Start of Block
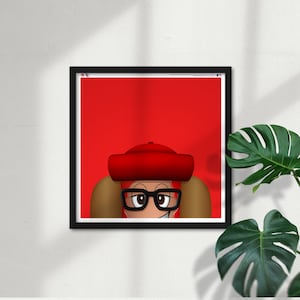 Minimalistischer Ketchup - Cleveland Guardians Maskottchen - MLB Lizenzierte Limitierte Peeker Art Wanddekoration Quadrat Poster Druck von S. Preston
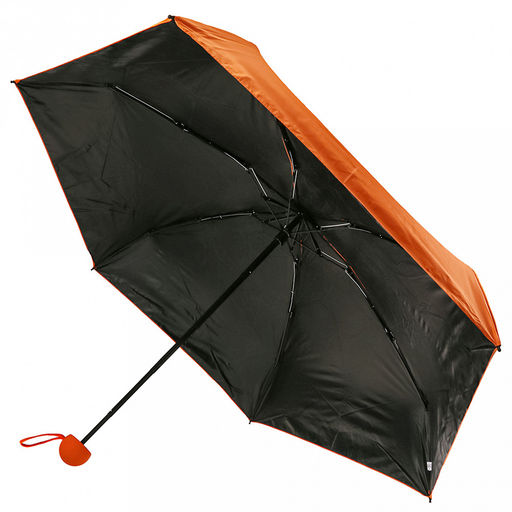 Зонт-мини механический Палитра UPF50+ ткань эпонж (полиэстер) + черное УФ-покрытие, 6 лучей, д/купола 90см, 5 сложений, 18см в сложенном виде, механизм против ветра, ручка с покрытием soft-touch, цвет оранжевый, 218гр (Китай) - Домашняя мода фото 3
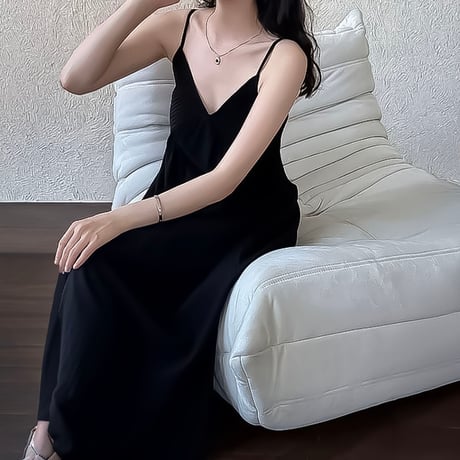 v-neck bust detail cami dress /2color　NK2264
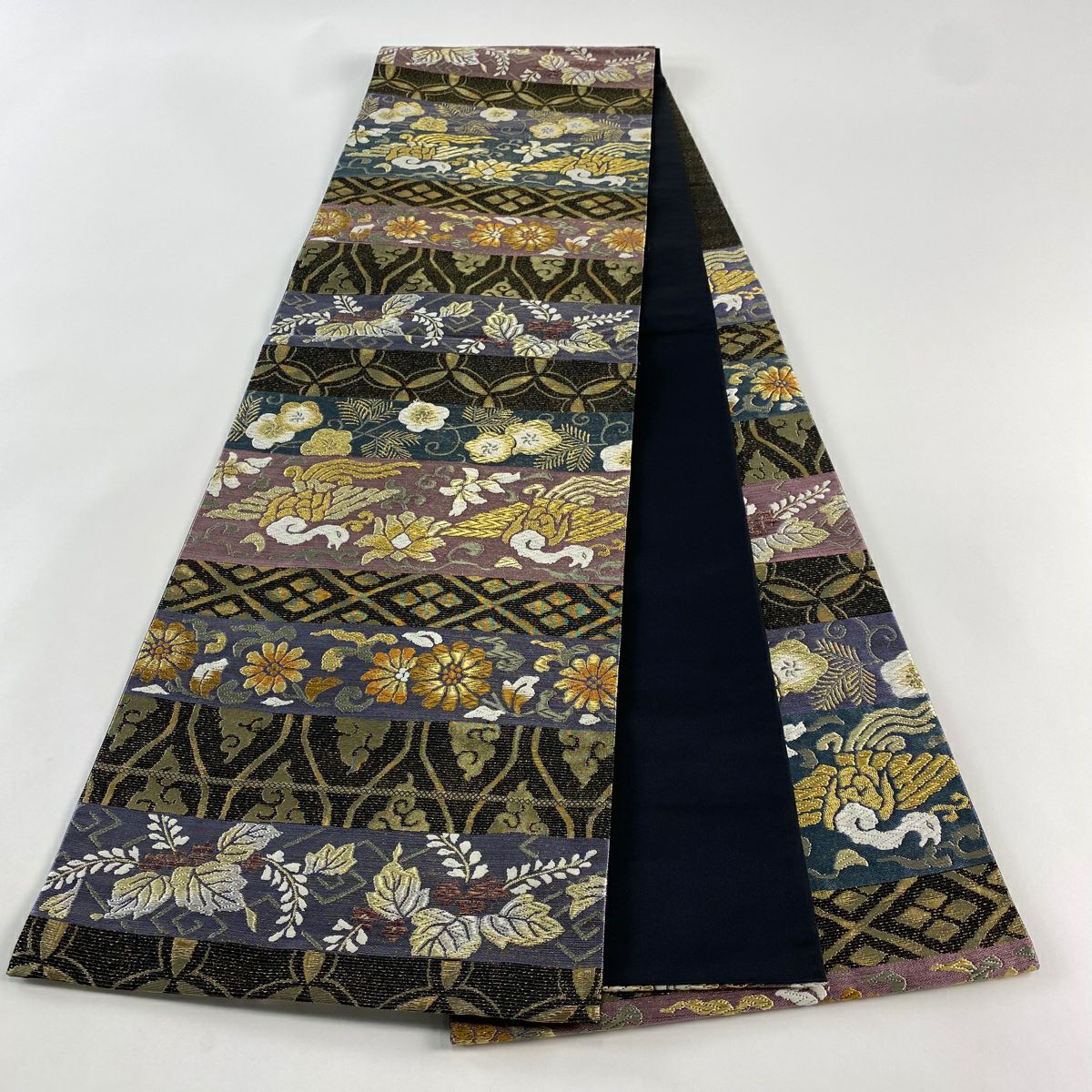 【庫存清倉】 【美品】 袋帶 名品級 鳳凰 草花紋 金糸 金金箔 黑 六通 純蠶絲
End of Block
YOUR GOAL
Please output the data above exactly as given, omitting every picture.

ANSWER SPACE
 Minimalistischer Ketchup - Cleveland Guardians Maskottchen - MLB Lizenzierte Limitierte Peeker Art Wanddekoration Quadrat Poster Druck von S. Preston
 Зонт-мини механический Палитра UPF50+ ткань эпонж (полиэстер) + черное УФ-покрытие, 6 лучей, д/купола 90см, 5 сложений, 18см в сложенном виде, механизм против ветра, ручка с покрытием soft-touch, цвет оранжевый, 218гр (Китай) - Домашняя мода фото 3
 v-neck bust detail cami dress /2color　NK2264
 【庫存清倉】 【美品】 袋帶 名品級 鳳凰 草花紋 金糸 金金箔 黑 六通 純蠶絲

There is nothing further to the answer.